This repository contains the code and images used in Jacquot et al., 2020 [arXiv, CVPR]. There is a 1 minute video presentation of our work on youtube.
Our work builds on the observation that image datasets used in machine learning contain many biases. Those biases help convolutional neural networks to classify images. For example, in the UCF101 dataset, algorithms can rely on the background color to classify human activities.
To address this issue, we followed a rigorous method to build three image datasets corresponding to three human behaviors: drinking, reading, and sitting. Below are some example images from our dataset. The models misclassified the bottom left, middle top, and bottom right pictures, whereas humans correctly classified all six pictures.

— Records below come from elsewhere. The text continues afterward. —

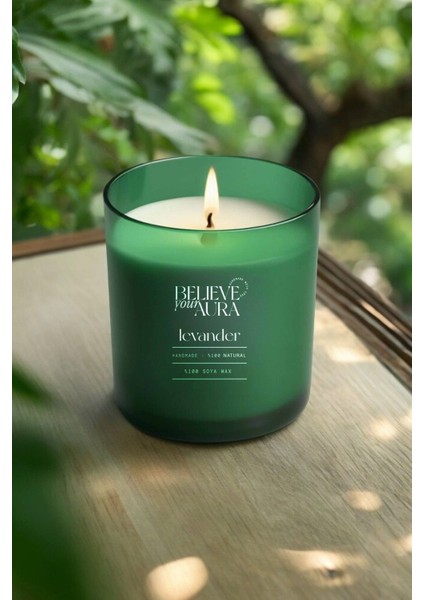 Lavanta Kokulu Doğal Soya Mum, Yeşil Bardakta, 280 Cc, Ferah ve Huzurlu Atmosfer Sağlar fırsatları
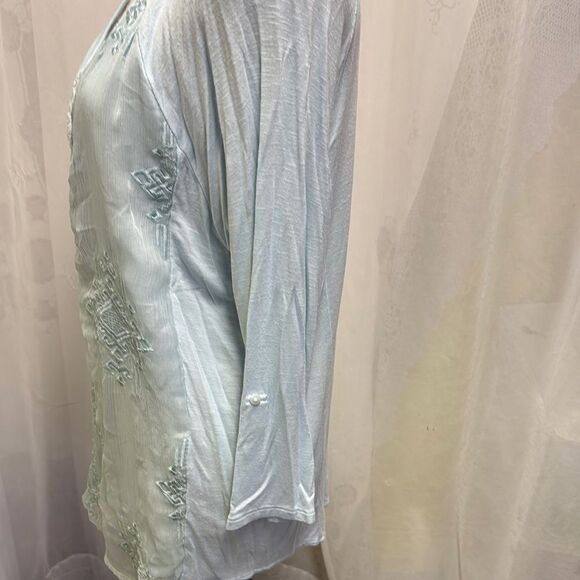 Elegant Light Blue Embroidered Women's Top - Picture 2 of 4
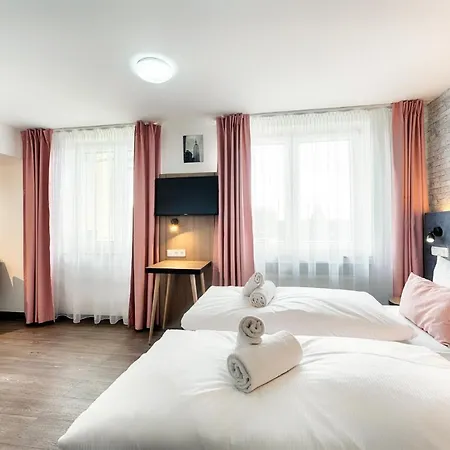 Home Hotel 3*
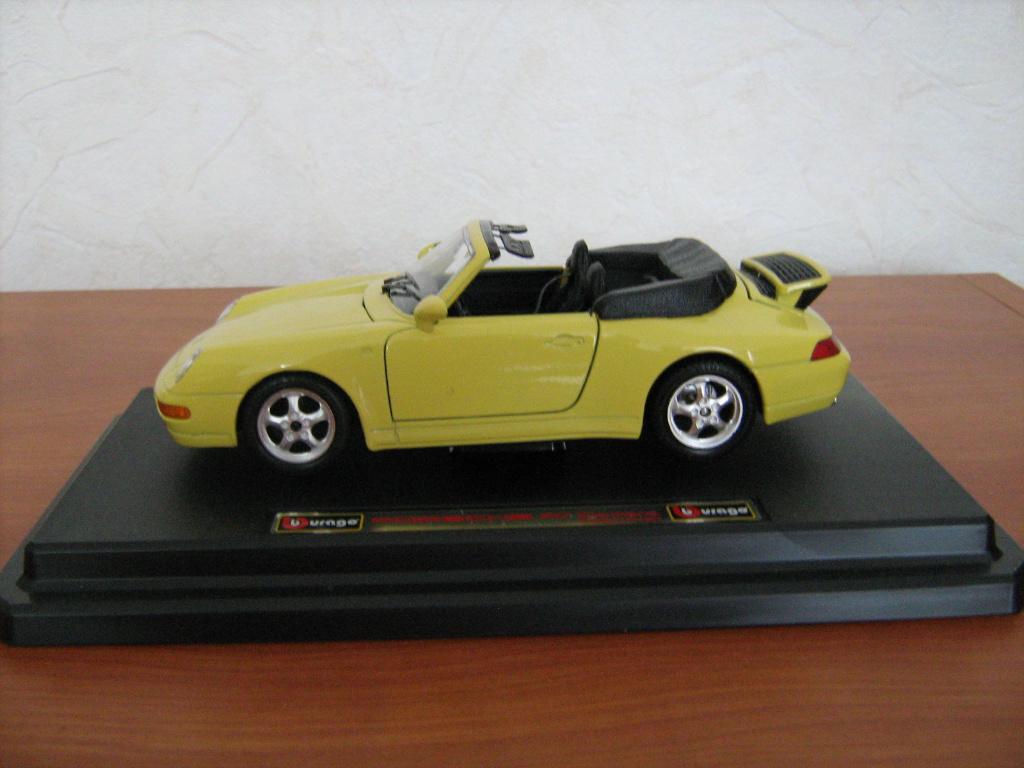 Porsche 911 Cabriolet geel, 1994 in doos.Bburago,Schaal 1:24, Ophalen of Verzenden, Nieuw, Auto, Bburago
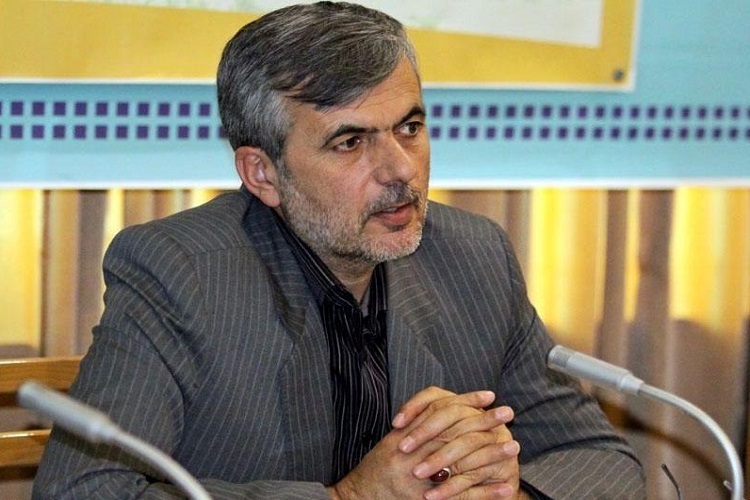 لی اکبر فامیل کریمی، فعال سیاسی همدانی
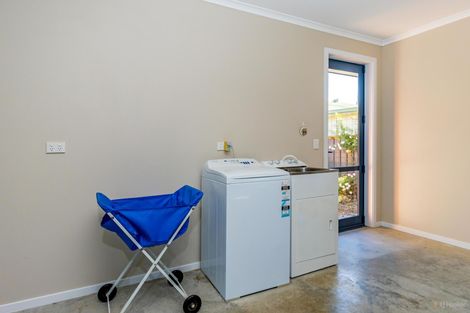 Photo of property in 1 Eric Batchelor Place, Waimate, 7924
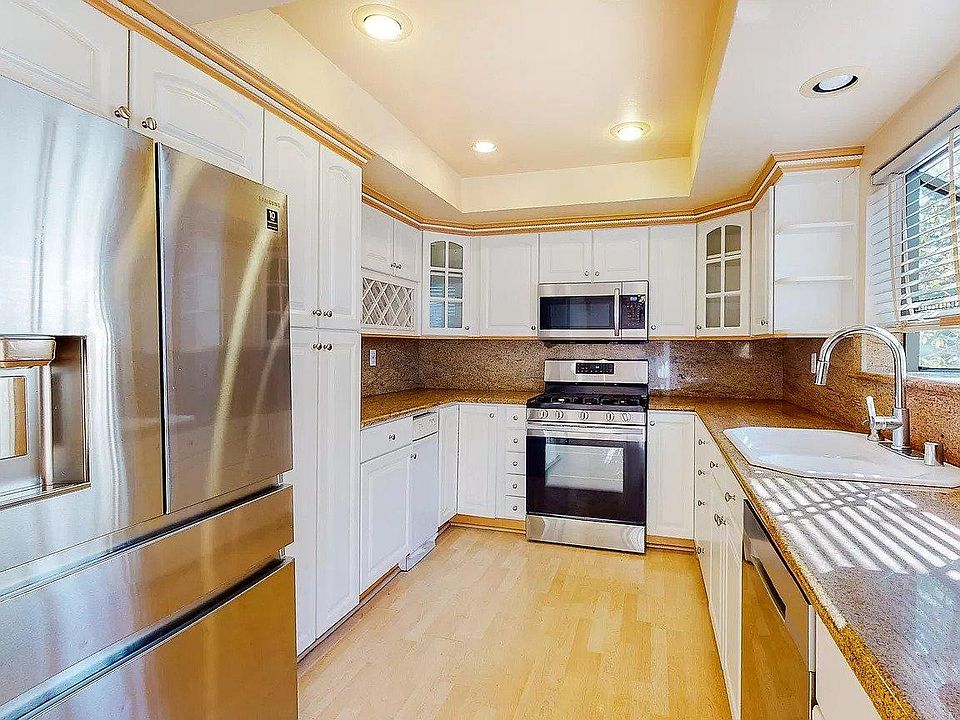 new energy efficient Samsung Appliances and lots of natural light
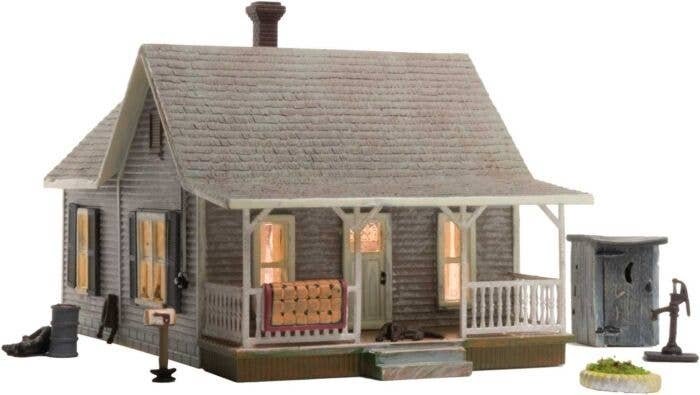 Old Homestead - Built-&-Ready Landmark Structures(R) -- Assembled - 3-3/4 x 5-7/16′ 9.5 x 13.8c, HO, Woodland Scenics 5040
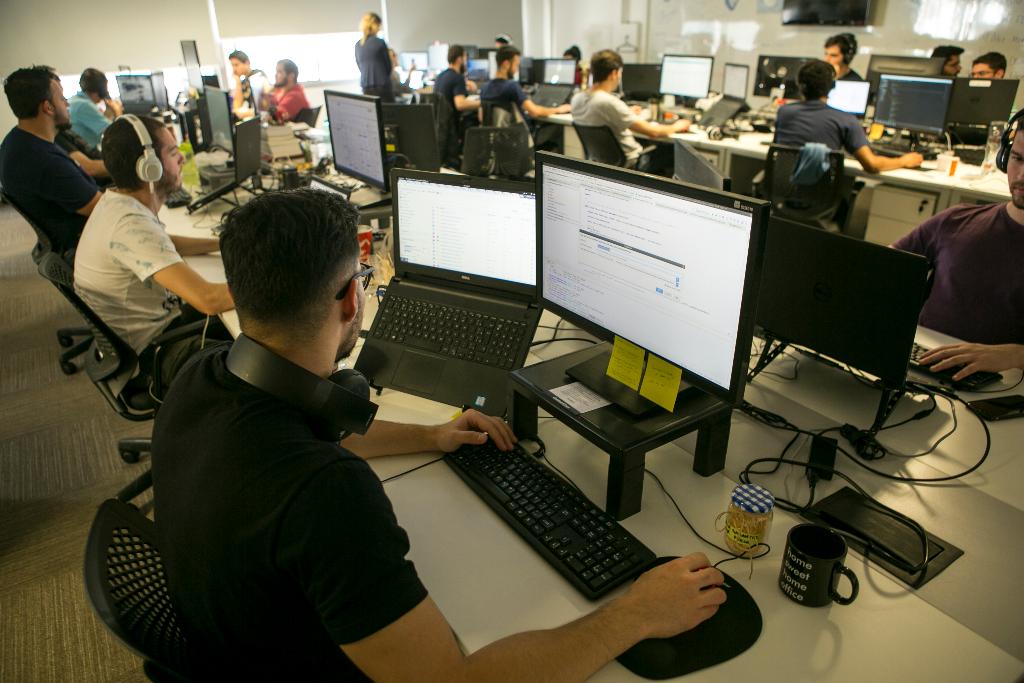 Relacionamento interpessoal e tecnologia são elementos fundamentais para a nova fase da função de contador. | Marcelo Andrade/Gazeta do Povo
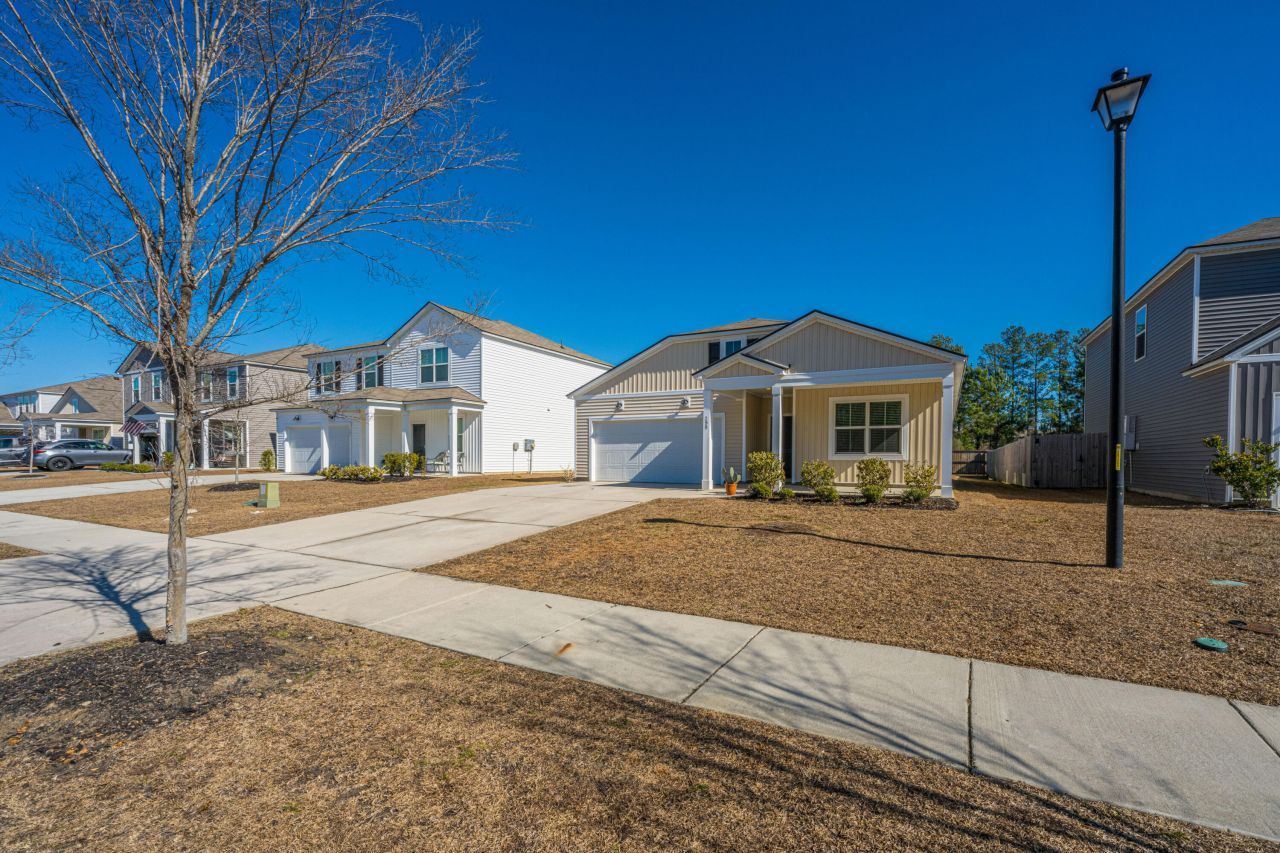 299 W Bradford Pointe Drive Photo 44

We reduced biases in our image datasets by applying 100 to 300 cross-validations of a fine-tuned deep convolutional network (computer-vision/keras/misclassification_rate and computer-vision/matlab/alexnet_misclass_rate.m). The many cross-validations allowed to rank images along their misclassification rate. We then excluded images that were classified too easily. Thus, we obtained datasets that were less biased, more difficult to classify by algorithms.
The ground truth labels for each image was created by asking 3 participants to assign each image to a yes or no class for each action. We also conducted a separate psychophysics experiment (human-vision): images were presented to human participants; each trial consisted of fixation (500 ms), image presentation (50, 150, 400, or 800 ms), and a forced choice yes/no question.